So, other than the official answer “what ever standard client prescribes”, what kind of coding standard do you use at home in your personal projects?
Here is mine:
Standard is optimized for speed, simplicity and readability and fits on one page. To get the best cache performance it is wise to keep your memory sequential and compact as possible (DOP instead of OOP at least at the lower levels). ECS is main paradigm.
- using vectors instead of object pools. I want sequential and pre-allocated memory and even if memory isn't preallocated (empty vector) it will become so after a few frames (when enough objects get created). Maybe add another vector to track free elements (or wrap those two ones in a template called ConservativeVector - but that is practically object pool if you preallocate enough memory). Be careful with references. If you have a lot of dynamic object this might not be the best solution.
- using indexes instead of pointers (this goes together with a point above). In most cases unsigned short will be enough and it will be 4 times smaller than pointer so your data will fit in cache better. This also means that you absolutely don't have to write copy constructors and have any kind of memory management (or very little) - literally entire engines and editors can be written without a single new, delete, malloc and free command (at least for static data like meshes and textures). Another benefit is the code can be run on GPU and CPU all the same (if you wrap recursion). I've implemented ray-tracing octrees this way and did all the debugging on the CPU. My BVH hierarchy copies to GPU the same way. If you have some extremely complex hierarchy, debugging with indices is much easier than reading pointers (easier to draw entire hierarchy on paper and setting break points).

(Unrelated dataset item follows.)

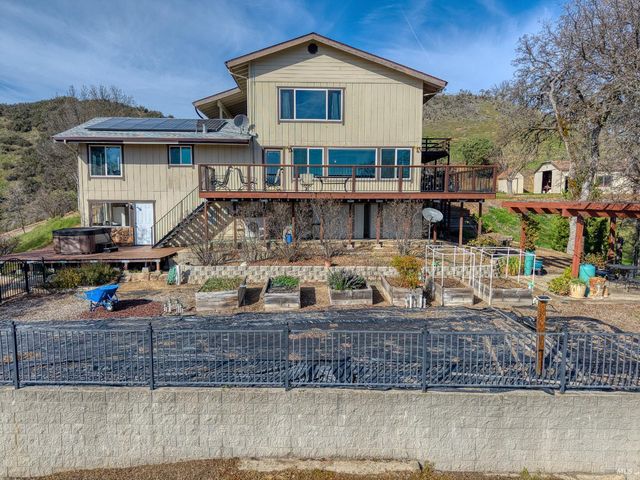 3774 Leal Dr, Lakeport, CA 95453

- using Memory Context class to store all those vectors that would otherwise be created as a local variables in the functions. Of course, these memoryContext objects should be reused (and passed by reference) so memory allocations won't happen on every use but only on first few usages. If you have a thread pool, have one of these objects created for every thread. Be careful with recursive functions.
- don't use sets or lists - they are 10-20 times slower than vectors. Migrate all your helper libraries to use vectors for internal storage (RadixTries, PatriciaTries, Dictionaries, Octrees, Radix Sort functions, geometry processing functions…)

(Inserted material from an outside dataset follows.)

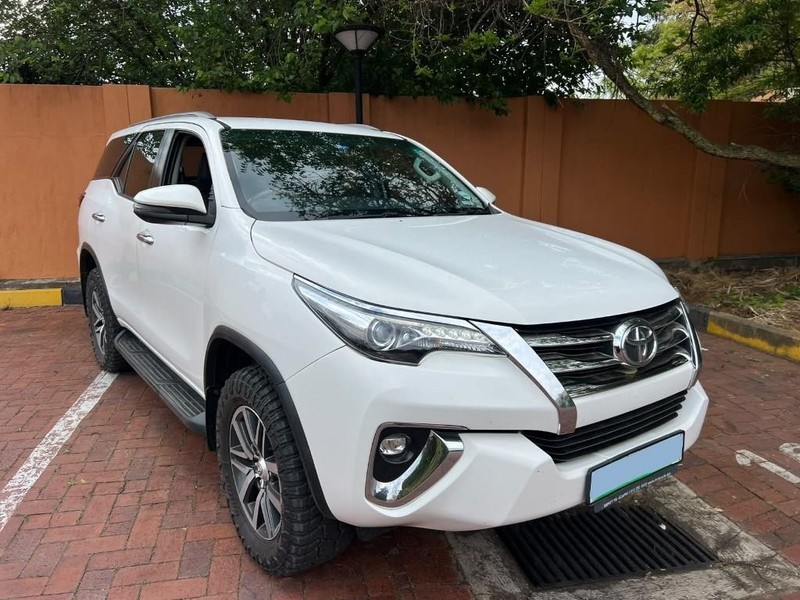 Toyota Fortuner - Mit Mak Motors - Image 4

- SortForEfficiency is a common function in my helper libraries.
- Always pass by reference. Don't return vectors, but pass them as input-output parameter. That way memory pre-allocation will be maintained.
- use JSON for storage and clipboard copy paste. It is simple and it will maintain compatibility within different versions of application and anyone can code plugins in any language they want. Nobody has to waste time with writing custom DSL parser every time. If you are very lazy, you can even just dump those vectors in a file and hope that format won't change but I wouldn't rely on that.
- greedy thread pool. If it isn't faster than OpenMP you haven't created a fast thread pool. In all my use cases I only needed a thread pool where all the threads run the same task so I've actually omitted single threaded type of task in the latest implementation. It is kind of like async but more. There are 3 levels of task priority and only first one is non blocking. If bottleneck happens all the free threads can help the ones that are still working by preforming sub tasks (there are macros that I use in all of my code that will do parallel processing if thread pool is present or just single core if not). One thing, if some thread submits a task to queue and manages to finish it before anyone helped - that is OK - there won't be any penalty like with OpenMp.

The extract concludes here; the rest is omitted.